Huginn

Tags: huginn, rss, scraping

Published on Monday, December 26th, 2016

Yahoo! terminated Yahoo! Pipes on June 4, 2015. It breaks my heart to see another good service dying. However, I recently found another project which has an ability just like Yahoo! Pipes: Huginn

Huginn seems to be more robust than Yahoo!
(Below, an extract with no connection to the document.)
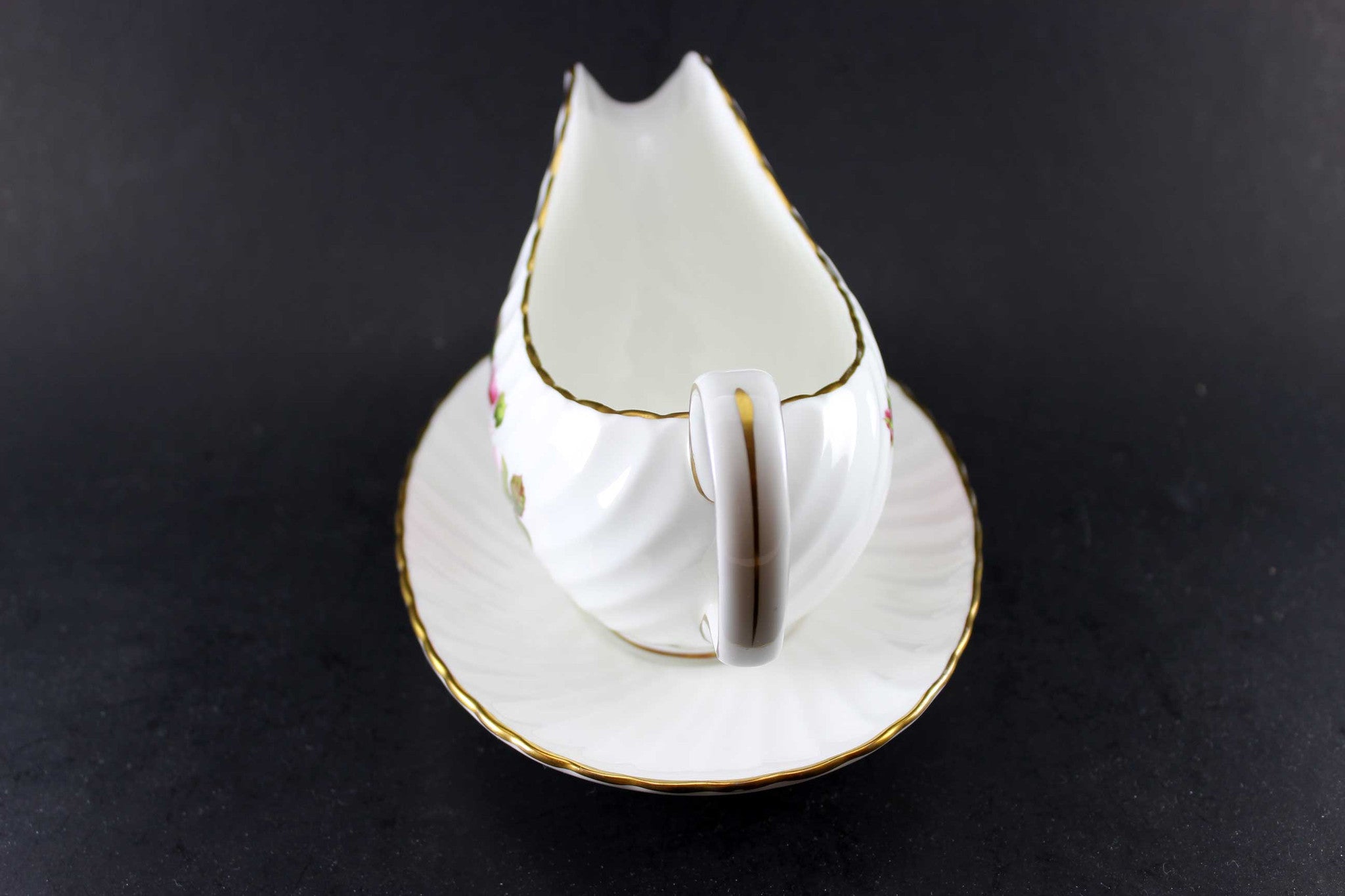 Northumbria Carleton Rose Gravy Boat and Under Plate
Pipes, actually. The downside is that it is much more difficult to set things up. Also, it’s just an app. I need to either set up a local server to run it or host it somewhere. Since I’m too lazy to maintain the local server, I hosted it with Heroku. With the free plan, there are a lot of restrictions, but this should be enough for the basic tasks I want to do.

Here comes an example:

I am following a Thai manga named EXEcutional. For other manga, I would need to wait until I get back to Thailand and read them. Luckily, EXEcutional has an e-book version, so I could just buy it online. I however want to be notified whenever a new issue is released.

First, I curl the webpage to see if there is any data I could scrape. To my disappointment, there is no data at all. This means the data is likely loaded later by JavaScript, so I try to find the relevant code.

https://www.mebmarket.com/index.php?action=SeriesDetail&series_id=563&page_no=1
1
2
3
4
5
6
7
8
...
<script >
var series_id = '563';
//var series_name = '';
var app_id = 'ASK';
</script>
<script src="https://www.mebmarket.com/web/Assets/Scripts/Templates/series_details.js?221"></script>
...

Cool! Next I curl this JavaScript file, then I find:

https://www.mebmarket.com/web/Assets/Scripts/Templates/series_details.js
 1
 2
 3
 4
 5
 6
 7
 8
 9
10
11
12
13
14
15
16
17
$.ajax({
  type: "POST",
  url: "Ajax.php?action=CallWrapper",
  data: ({
          api_call : 'Store',
          method_call : 'userGetCacheBooks',
          token : token,
          Option :{
                      value: series_id,
                      condition:'all',
                  },
          pageCache : 'series',
          app_platform : 'WEB',
          page_no : page_no,
          result_per_page : result_per_page,
          app_id : app_id
  }),

Even though the type of request is POST, but perhaps GET will work too? Let’s try...

1
2
$ curl "https://www.mebmarket.com/Ajax.php?action=CallWrapper&api_call=Store&method_call=userGetCacheBooks&Option%5Bvalue%5D=563&Option%5Bcondition%5D=all&pageCache=series&page_no=1"
{"status":{"success":true,"message":"STOREUsGetCachSuccessGetCache"},"data":{"page_count":2,"count":33,"result_per_page":20,"books":[{"book_id":"49151","series_id":"563","book_publisher":"Siam Inter Comics","category_id":"12","category_name":"\u0e01\u0e32\u0e23\u0e4c\u0e15\u0e39\u0e19","book_name":"EXEcutional \u0e21\u0e2b\u0e32\u0e2a\u0e07\u0e04\u0e23\u0e32\u0e21\u0e2d\u0e2d\u0e19\u0e44\u0e25\u0e19\u0e4c\u0e16\u0e25\u0e48\u0e21\u0e08\u0e31\u0e01\u0e23\u0e27\u0e32\u0e25 \u0e40\u0e25\u0e48\u0e21 32"...

Exactly what I want! Now, we will turn this to RSS feed by using Huginn.

To scrape this data, create a “Website Agent” with the following configurations:

 1
 2
 3
 4
 5
 6
 7
 8
 9
10
11
{
  "expected_update_period_in_days": "2",
  "url": "https://www.mebmarket.com/Ajax.php?action=CallWrapper&api_call=Store&method_call=userGetCacheBooks&Option%5Bvalue%5D=563&Option%5Bcondition%5D=all&pageCache=series&page_no=1",
  "type": "json",
  "mode": "on_change",
  "extract": {
    "name": {
      "path": "$..book_name"
    }
  }
}

This uses a query language named JSONPath to scrape all book_name.

Next, we will export this as a feed, so create a “Data Output Agent” with the following configurations:

 1
 2
 3
 4
 5
 6
 7
 8
 9
10
11
12
13
14
{
  "secrets": [
    "THIS_IS_SUPER_SECRET"
  ],
  "expected_receive_period_in_days": "2",
  "template": {
    "title": "EXEcutional",
    "description": "EXEcutional",
    "item": {
      "title": "{{name}}",
      "link": "https://www.mebmarket.com/index.php?action=SeriesDetail&series_id=563&page_no=1"
    }
  }
}

And set it to read source from the first agent. This completes the setup in Huginn.

Huginn then provides us a URL to access the data. The XML one in particular is in RSS format (it’s actually Atom, but I will call them interchangably), so copy that one and paste it in an RSS reader.